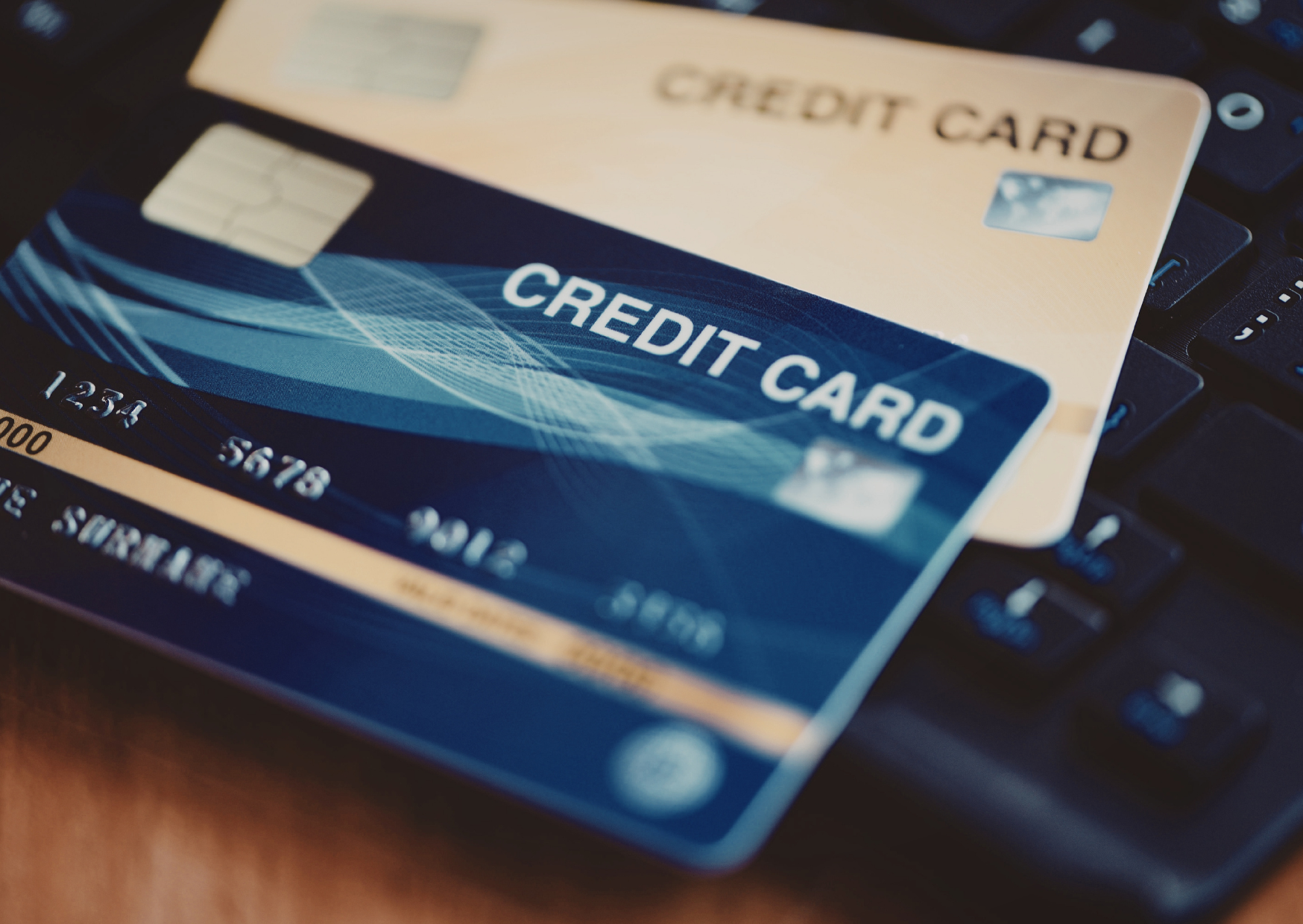 Credit Card Debt Hit $6,715 Per American: The European Number Confused Me 6 credit card 2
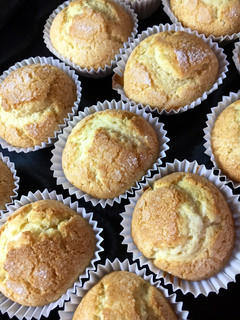Una foto de Muffins de vainilla 🧁❤️🥰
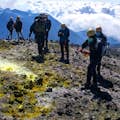 In cima all'orlo orientale del Cratere Centrale dell' Etna con le sue fumarole di zolfo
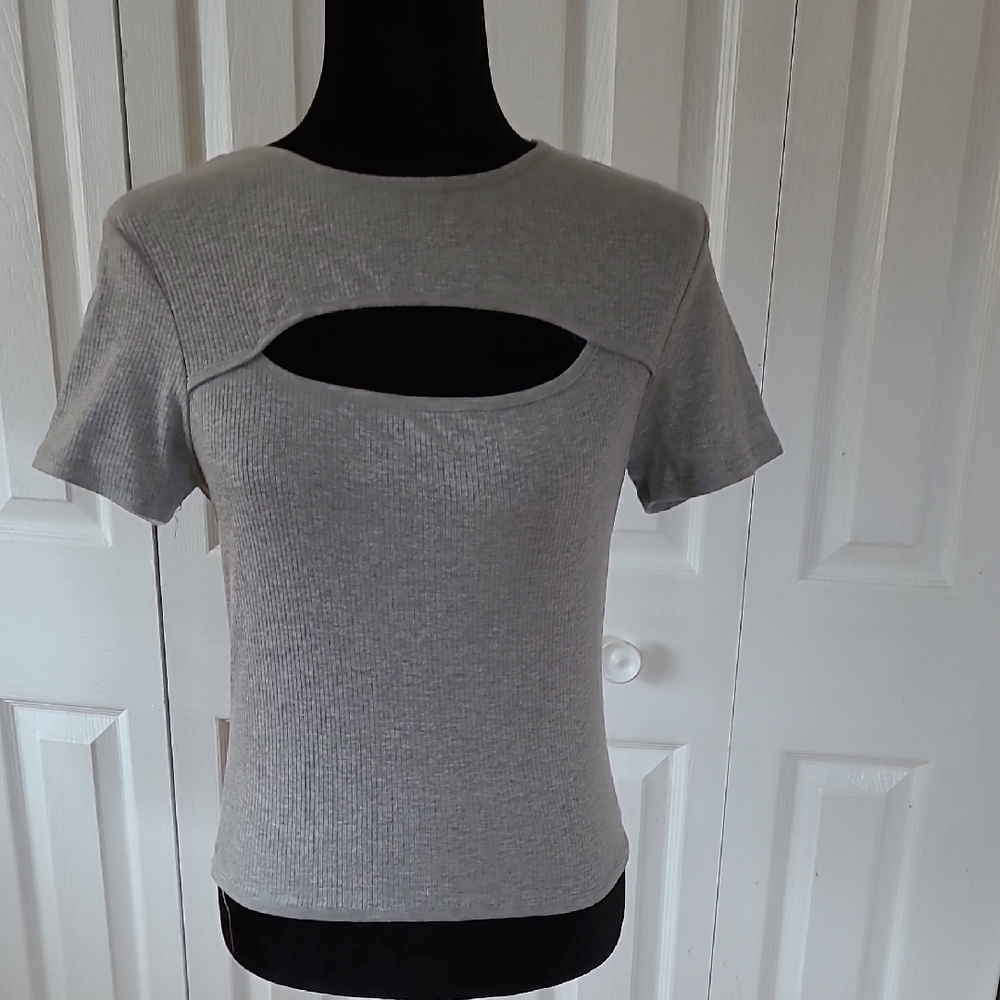 Olympia Activewear Gray Cut-Out Short Sleeve Tee, Size L but runs small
********************
Exercise: The expected answer is an unaltered copy of the listing, images removed.

Written response:
 Credit Card Debt Hit $6,715 Per American: The European Number Confused Me 6 credit card 2
Una foto de Muffins de vainilla 🧁❤️🥰
 In cima all'orlo orientale del Cratere Centrale dell' Etna con le sue fumarole di zolfo
 Olympia Activewear Gray Cut-Out Short Sleeve Tee, Size L but runs small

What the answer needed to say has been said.